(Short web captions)
[Start of Attachment]
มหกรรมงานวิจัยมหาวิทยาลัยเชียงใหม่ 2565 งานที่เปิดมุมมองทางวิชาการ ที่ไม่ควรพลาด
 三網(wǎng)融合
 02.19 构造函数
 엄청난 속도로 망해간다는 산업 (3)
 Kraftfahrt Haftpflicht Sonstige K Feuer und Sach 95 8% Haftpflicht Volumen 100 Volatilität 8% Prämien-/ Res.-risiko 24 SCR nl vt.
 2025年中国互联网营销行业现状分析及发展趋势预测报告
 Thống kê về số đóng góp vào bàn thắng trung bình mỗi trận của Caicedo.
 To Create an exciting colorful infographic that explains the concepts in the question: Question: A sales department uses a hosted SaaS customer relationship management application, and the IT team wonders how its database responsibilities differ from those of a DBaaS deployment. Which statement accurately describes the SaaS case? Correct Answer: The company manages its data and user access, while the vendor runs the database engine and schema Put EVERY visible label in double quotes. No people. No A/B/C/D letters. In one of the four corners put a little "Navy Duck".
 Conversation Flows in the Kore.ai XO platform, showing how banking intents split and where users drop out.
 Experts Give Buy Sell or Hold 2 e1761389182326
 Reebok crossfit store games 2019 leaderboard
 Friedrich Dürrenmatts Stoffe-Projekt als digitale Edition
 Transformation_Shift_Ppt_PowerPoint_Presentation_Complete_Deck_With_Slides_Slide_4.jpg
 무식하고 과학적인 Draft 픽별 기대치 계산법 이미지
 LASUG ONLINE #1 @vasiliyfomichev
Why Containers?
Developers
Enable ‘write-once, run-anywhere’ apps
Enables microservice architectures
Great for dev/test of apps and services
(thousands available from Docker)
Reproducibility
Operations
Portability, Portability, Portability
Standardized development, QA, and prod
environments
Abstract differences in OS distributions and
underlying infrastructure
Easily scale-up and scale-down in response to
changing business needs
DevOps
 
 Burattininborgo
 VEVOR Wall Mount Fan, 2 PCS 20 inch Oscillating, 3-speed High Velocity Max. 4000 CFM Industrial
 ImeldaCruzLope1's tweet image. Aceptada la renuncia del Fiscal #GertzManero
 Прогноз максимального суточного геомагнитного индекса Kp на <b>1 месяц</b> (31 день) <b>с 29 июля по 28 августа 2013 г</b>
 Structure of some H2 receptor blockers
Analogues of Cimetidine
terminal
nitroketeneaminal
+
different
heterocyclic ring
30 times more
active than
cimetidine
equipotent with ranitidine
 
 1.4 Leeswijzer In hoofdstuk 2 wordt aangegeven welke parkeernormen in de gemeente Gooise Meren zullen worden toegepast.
[End of Attachment]
• _Work required_
Identify each line in the records above containing the word "apps"; copy those lines.

• _Solution to this exercise_
Enable ‘write-once, run-anywhere’ apps
Great for dev/test of apps and services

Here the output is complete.